Xi Jinping to ‘attend’ Hong Kong anniversary, but mystery surrounds possible first trip outside mainland

Anniversary is one of highest-profile political events in a year when Xi is widely believed to be trying to break with tradition and award himself a third five-year term as party leader

Related: Michelle Bachelet outlines human rights meetings as her six-day trip to China ends

Xi Jinping will “attend” the next week of celebrations to mark the 25th anniversary of the return of Hong Kong to China and the swearing-in ceremony of Hong Kong’s new chief executive Jon Lee, state media reports have said.

However, it remains unclear whether that would be a physical visit to the former British colony, which remains embroiled in protests after a crackdown on the pro-democracy movement.

On Saturday, the Chinese government’s official Xinhua News Agency said Mr Xi would participate in a meeting for the anniversary and the inauguration of the newly appointed chief executive. But the announcement gave no other details.

It left the door open for speculation on the nature of the attendance of the Chinese president, who has addressed a range of international gatherings through video conferencing in the last two years.

If Mr Xi decides to make a visit in person, it would be his first outside mainland China since the start of the pandemic more than two years ago.

Mr Lee and his predecessor, Carrie Lam, both issued statements thanking Mr Xi for participating in the anniversary celebrations, but didn’t clarify whether he would visit Hong Kong.

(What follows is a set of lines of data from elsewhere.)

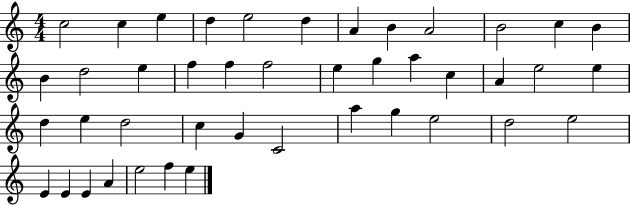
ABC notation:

X:1
T:Untitled
M:4/4
L:1/4
K:C
c2 c e d e2 d A B A2 B2 c B B d2 e f f f2 e g a c A e2 e d e d2 c G C2 a g e2 d2 e2 E E E A e2 f e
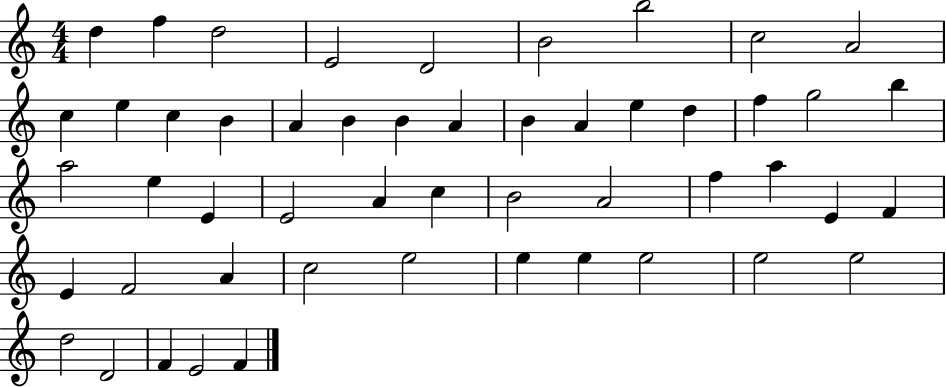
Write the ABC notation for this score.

X:1
T:Untitled
M:4/4
L:1/4
K:C
d f d2 E2 D2 B2 b2 c2 A2 c e c B A B B A B A e d f g2 b a2 e E E2 A c B2 A2 f a E F E F2 A c2 e2 e e e2 e2 e2 d2 D2 F E2 F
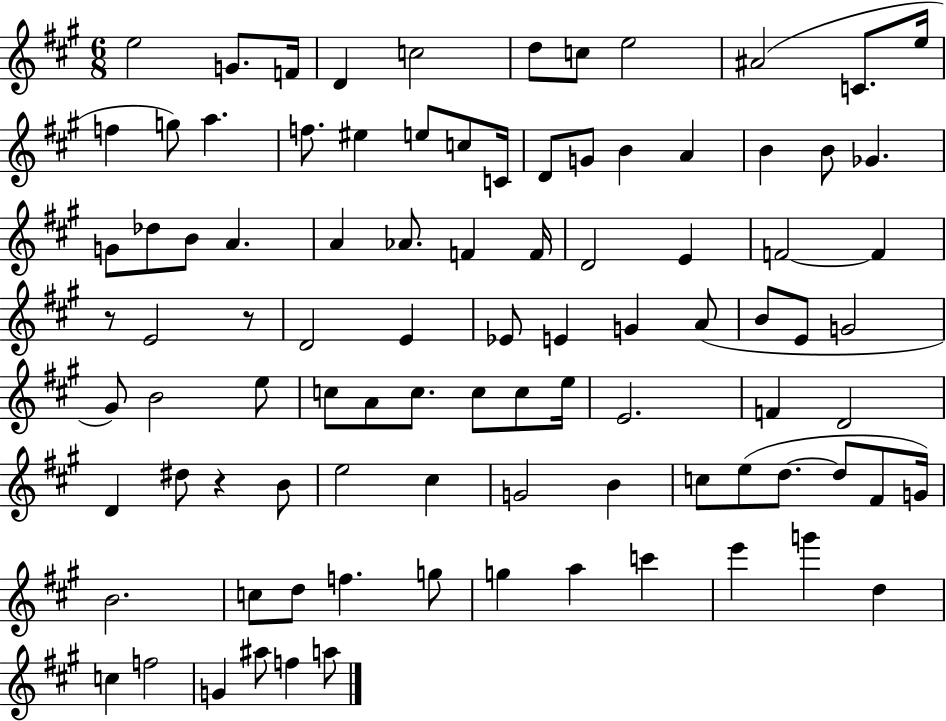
X:1
T:Untitled
M:6/8
L:1/4
K:A
e2 G/2 F/4 D c2 d/2 c/2 e2 ^A2 C/2 e/4 f g/2 a f/2 ^e e/2 c/2 C/4 D/2 G/2 B A B B/2 _G G/2 _d/2 B/2 A A _A/2 F F/4 D2 E F2 F z/2 E2 z/2 D2 E _E/2 E G A/2 B/2 E/2 G2 ^G/2 B2 e/2 c/2 A/2 c/2 c/2 c/2 e/4 E2 F D2 D ^d/2 z B/2 e2 ^c G2 B c/2 e/2 d/2 d/2 ^F/2 G/4 B2 c/2 d/2 f g/2 g a c' e' g' d c f2 G ^a/2 f a/2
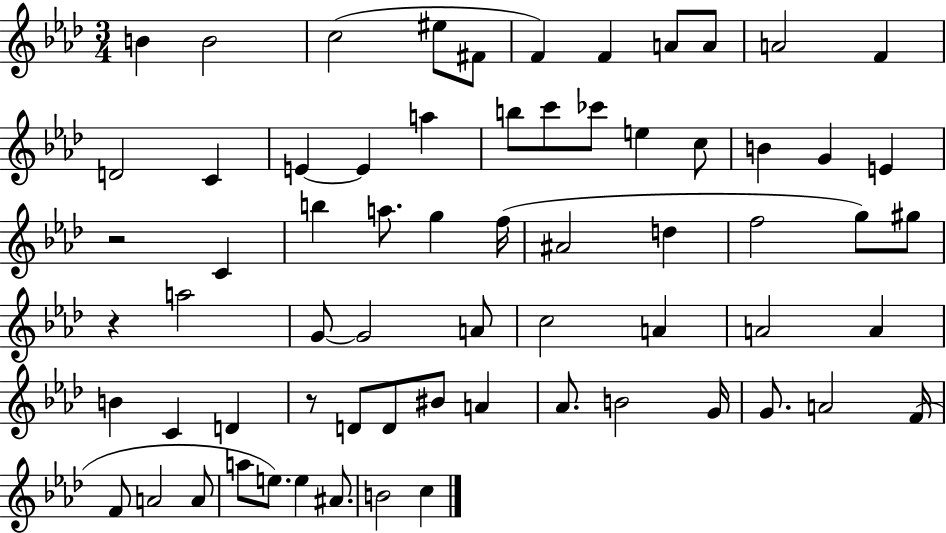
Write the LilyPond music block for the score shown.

{
  \clef treble
  \numericTimeSignature
  \time 3/4
  \key aes \major
  b'4 b'2 | c''2( eis''8 fis'8 | f'4) f'4 a'8 a'8 | a'2 f'4 | \break d'2 c'4 | e'4~~ e'4 a''4 | b''8 c'''8 ces'''8 e''4 c''8 | b'4 g'4 e'4 | \break r2 c'4 | b''4 a''8. g''4 f''16( | ais'2 d''4 | f''2 g''8) gis''8 | \break r4 a''2 | g'8~~ g'2 a'8 | c''2 a'4 | a'2 a'4 | \break b'4 c'4 d'4 | r8 d'8 d'8 bis'8 a'4 | aes'8. b'2 g'16 | g'8. a'2 f'16( | \break f'8 a'2 a'8 | a''8 e''8.) e''4 ais'8. | b'2 c''4 | \bar "|."
}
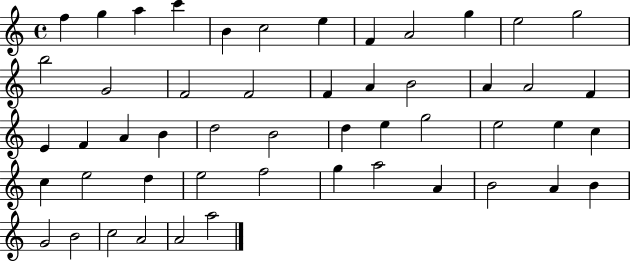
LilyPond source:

{
  \clef treble
  \time 4/4
  \defaultTimeSignature
  \key c \major
  f''4 g''4 a''4 c'''4 | b'4 c''2 e''4 | f'4 a'2 g''4 | e''2 g''2 | \break b''2 g'2 | f'2 f'2 | f'4 a'4 b'2 | a'4 a'2 f'4 | \break e'4 f'4 a'4 b'4 | d''2 b'2 | d''4 e''4 g''2 | e''2 e''4 c''4 | \break c''4 e''2 d''4 | e''2 f''2 | g''4 a''2 a'4 | b'2 a'4 b'4 | \break g'2 b'2 | c''2 a'2 | a'2 a''2 | \bar "|."
}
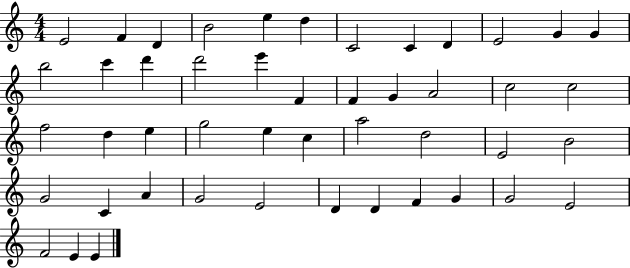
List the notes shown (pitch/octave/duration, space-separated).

E4/h F4/q D4/q B4/h E5/q D5/q C4/h C4/q D4/q E4/h G4/q G4/q B5/h C6/q D6/q D6/h E6/q F4/q F4/q G4/q A4/h C5/h C5/h F5/h D5/q E5/q G5/h E5/q C5/q A5/h D5/h E4/h B4/h G4/h C4/q A4/q G4/h E4/h D4/q D4/q F4/q G4/q G4/h E4/h F4/h E4/q E4/q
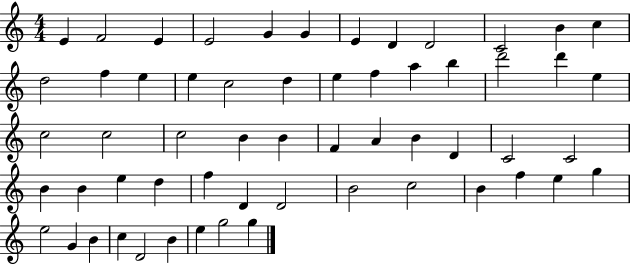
{
  \clef treble
  \numericTimeSignature
  \time 4/4
  \key c \major
  e'4 f'2 e'4 | e'2 g'4 g'4 | e'4 d'4 d'2 | c'2 b'4 c''4 | \break d''2 f''4 e''4 | e''4 c''2 d''4 | e''4 f''4 a''4 b''4 | d'''2 d'''4 e''4 | \break c''2 c''2 | c''2 b'4 b'4 | f'4 a'4 b'4 d'4 | c'2 c'2 | \break b'4 b'4 e''4 d''4 | f''4 d'4 d'2 | b'2 c''2 | b'4 f''4 e''4 g''4 | \break e''2 g'4 b'4 | c''4 d'2 b'4 | e''4 g''2 g''4 | \bar "|."
}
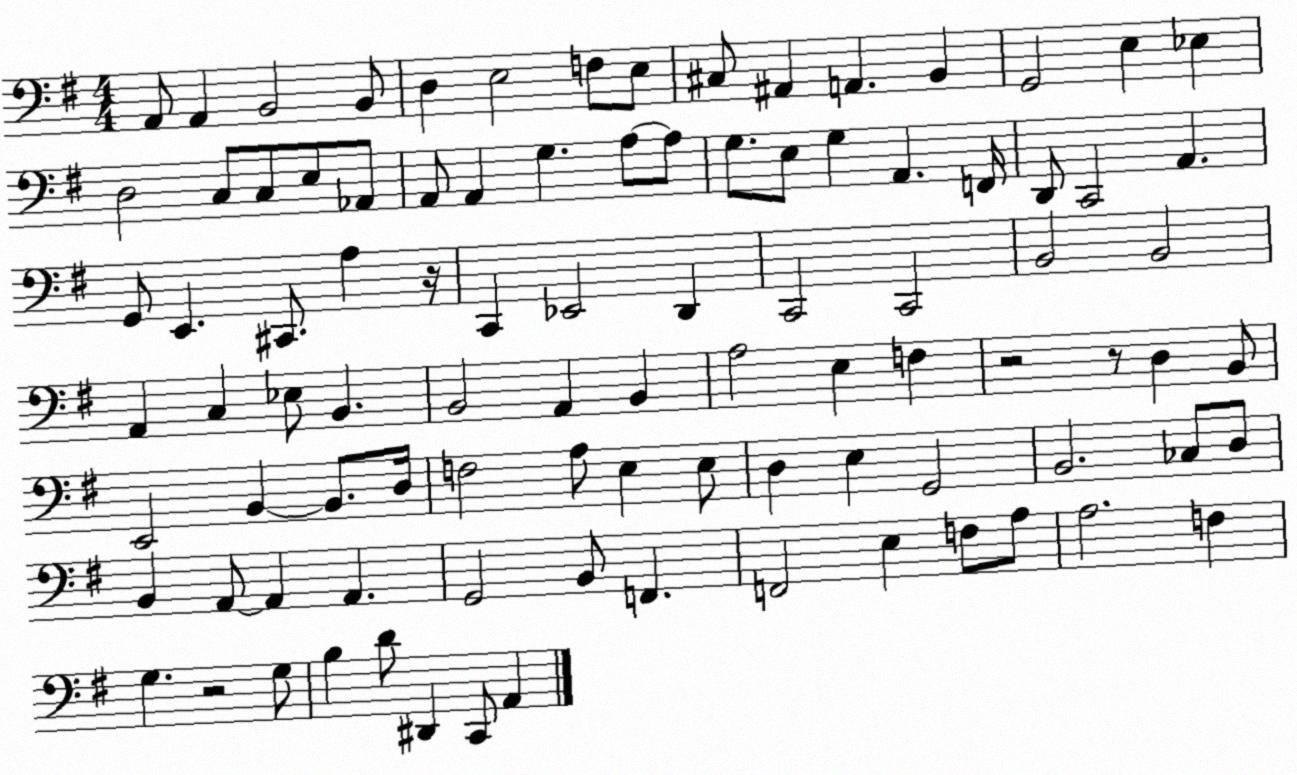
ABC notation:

X:1
T:Untitled
M:4/4
L:1/4
K:G
A,,/2 A,, B,,2 B,,/2 D, E,2 F,/2 E,/2 ^C,/2 ^A,, A,, B,, G,,2 E, _E, D,2 C,/2 C,/2 E,/2 _A,,/2 A,,/2 A,, G, A,/2 A,/2 G,/2 E,/2 G, A,, F,,/4 D,,/2 C,,2 A,, G,,/2 E,, ^C,,/2 A, z/4 C,, _E,,2 D,, C,,2 C,,2 B,,2 B,,2 A,, C, _E,/2 B,, B,,2 A,, B,, A,2 E, F, z2 z/2 D, B,,/2 E,,2 B,, B,,/2 D,/4 F,2 A,/2 E, E,/2 D, E, G,,2 B,,2 _C,/2 D,/2 B,, A,,/2 A,, A,, G,,2 B,,/2 F,, F,,2 E, F,/2 A,/2 A,2 F, G, z2 G,/2 B, D/2 ^D,, C,,/2 A,,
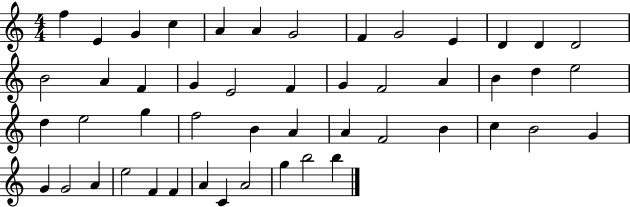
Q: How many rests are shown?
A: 0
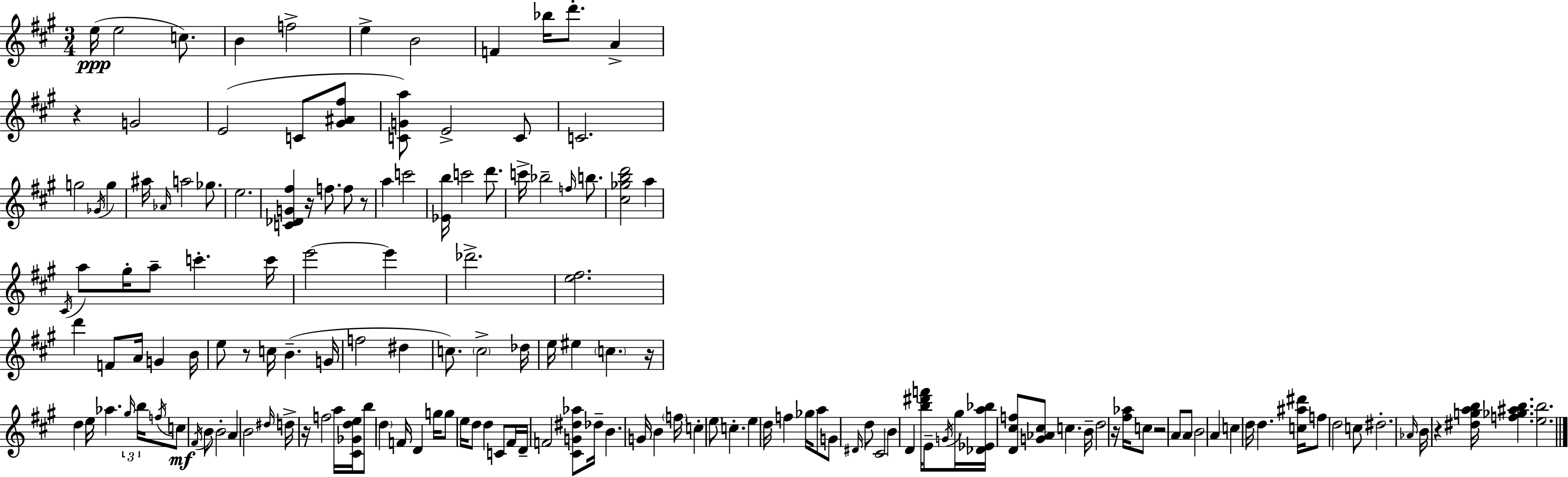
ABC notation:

X:1
T:Untitled
M:3/4
L:1/4
K:A
e/4 e2 c/2 B f2 e B2 F _b/4 d'/2 A z G2 E2 C/2 [^G^A^f]/2 [CGa]/2 E2 C/2 C2 g2 _G/4 g ^a/4 _A/4 a2 _g/2 e2 [C_DG^f] z/4 f/2 f/2 z/2 a c'2 [_Eb]/4 c'2 d'/2 c'/4 _b2 f/4 b/2 [^c_gbd']2 a ^C/4 a/2 ^g/4 a/2 c' c'/4 e'2 e' _d'2 [e^f]2 d' F/2 A/4 G B/4 e/2 z/2 c/4 B G/4 f2 ^d c/2 c2 _d/4 e/4 ^e c z/4 d e/4 _a ^g/4 b/4 f/4 c/2 ^F/4 B/2 B2 A B2 ^d/4 d/4 z/4 f2 a/4 [^C_Gde]/4 b/2 d F/4 D g/4 g/2 e/4 d/2 d C/2 ^F/4 D/4 F2 [^CG^d_a]/2 _d/4 B G/4 B f/4 c e/2 c e d/4 f _g/4 a/2 G/2 ^D/4 d/2 ^C2 B D [b^d'f']/4 E/2 G/4 ^g/4 [_D_Ea_b]/4 [D^cf]/2 [G_A^c]/2 c B/4 d2 z/4 [^f_a]/4 c/2 z2 A/2 A/2 B2 A c d/4 d [c^a^d']/4 f/2 d2 c/2 ^d2 _A/4 B/4 z [^dgab]/4 [f_g^ab] [eb]2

The anniversary is one of the highest-profile political events in a year when Mr Xi is widely believed to be trying to break with tradition and award himself a third five-year term as party leader.

He is already the most powerful Chinese leader since at least the 1980s and wants to be seen as leading a “national rejuvenation” amid a military build-up and more assertive policy abroad.

This would also be the first time Mr Xi will have been in Hong Kong since Beijing imposed the sweeping national security law in 2020 after protests erupted over a proposed extradition law and spread to include demands for more democracy.

Many activists, journalists and politicians have since been arrested under the government’s brutal crackdown on any kind of dissent, including Jimmy Lai, former publisher of the defunct pro-democracy newspaper Apple Daily, and Hong Kong’s 90-year-old former Roman Catholic bishop, Joseph Zen.

The announcement of Mr Xi’s attendance also comes as Hong Kong is reporting an increased number of coronavirus cases after the emergence of the new Omicron sub-variant.

The city reported more than 1,800 cases on Friday, sparking a return of stringent isolation laws forcing Covid patients and their close contacts into centralised quarantine to control the spread of the virus.